## TASK TO COMPLETE
Repeat the lines from the one containing "Reitstiefel (Art Gummistiefel)" through the end of the listing exactly, both ends included. Do not carry over any pictures.

## SOURCE DATA
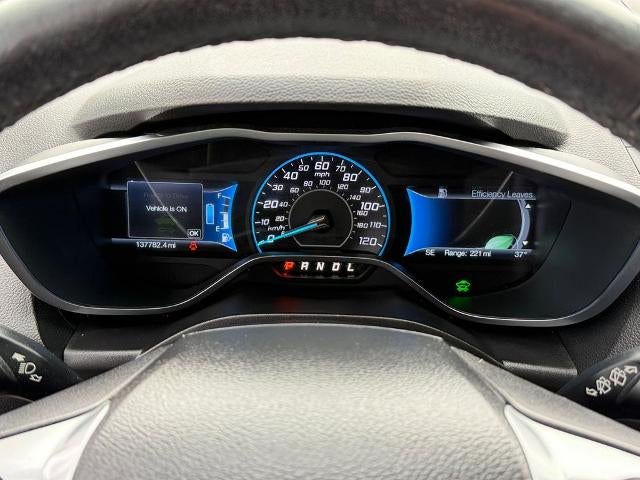 2016 Ford C-Max Hybrid SEL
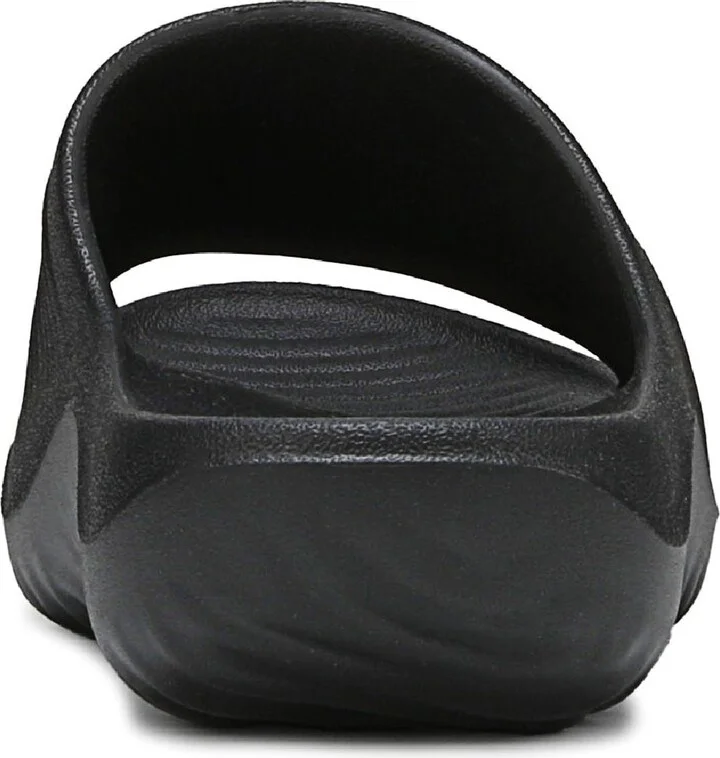 Echo Recovery Slide Sandal - Image 7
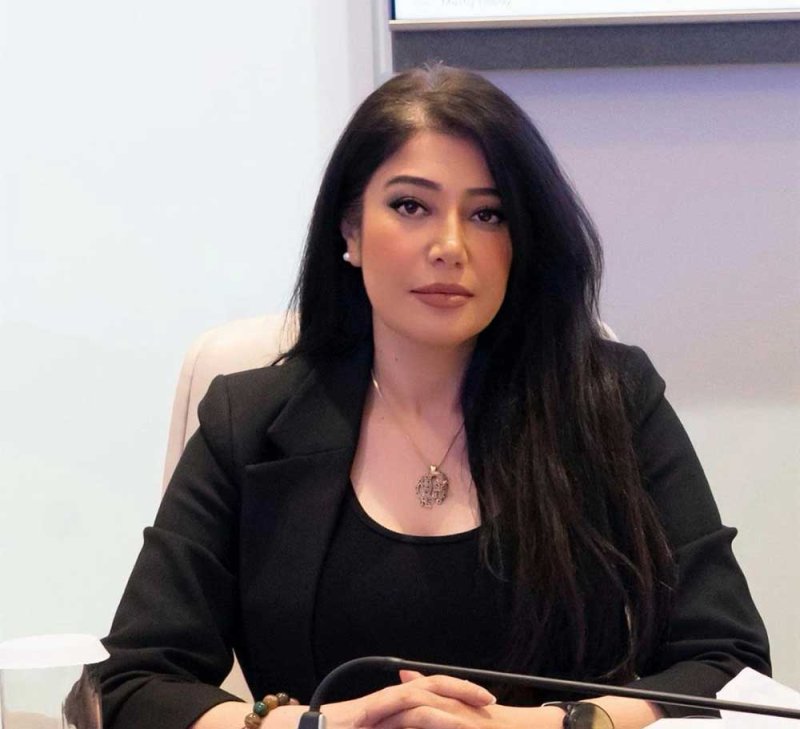 الظاعن: أرقام مشاركة المرأة في النقل البري تؤكد انتقال التمكين من المبادرات إلى الأثر الاقتصادي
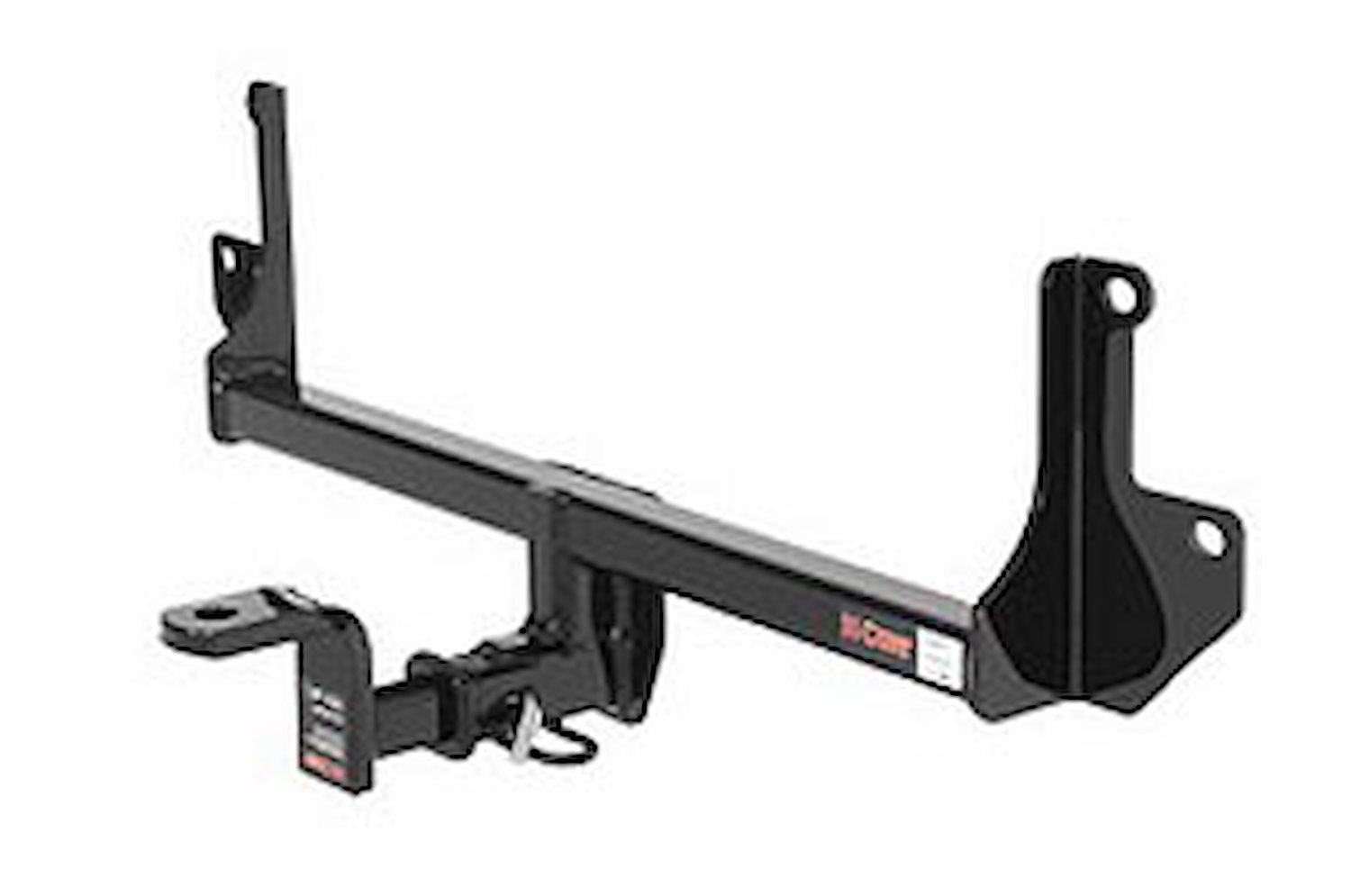 Class I 1.25 in. Receiver Hitch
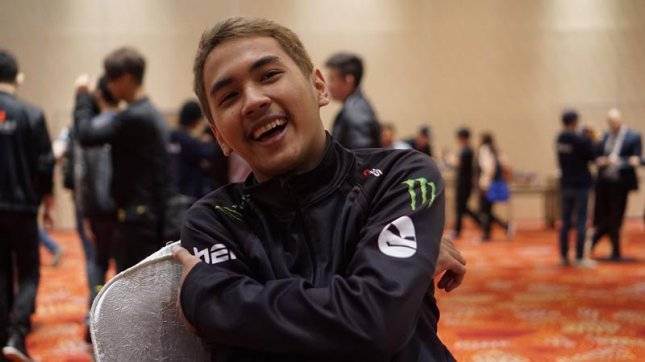 Jadi Gamer Profesional, Remaja Raup Ratusan Juta Rupiah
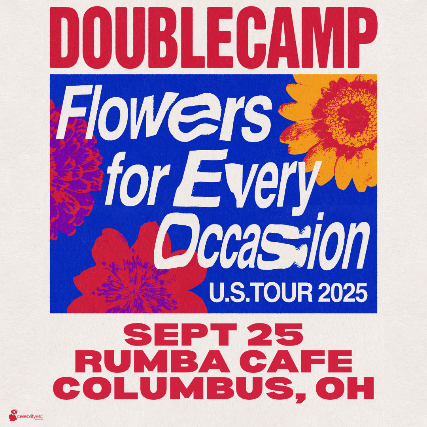 DOUBLECAMP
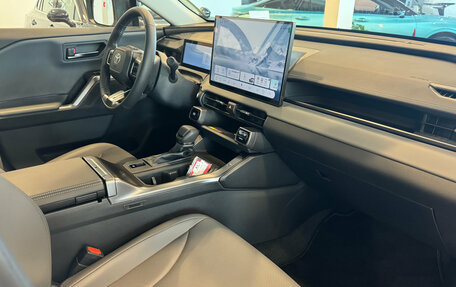 Toyota RAV4, 2026 год, 4 790 000 рублей, 18 фотография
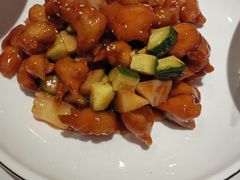 -火龙堂·风味民间菜(文一路店)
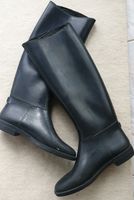 Reitstiefel (Art Gummistiefel) Gr.36 (3,3) Sachsen - Großschirma Vorschau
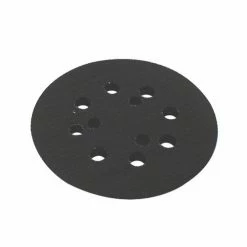 Makita 743022-A 5 In. Hook And Loop Backing Pad For Contour Sanding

## REPLY TO THE EXERCISE
 Reitstiefel (Art Gummistiefel) Gr.36 (3,3) Sachsen - Großschirma Vorschau
 Makita 743022-A 5 In. Hook And Loop Backing Pad For Contour Sanding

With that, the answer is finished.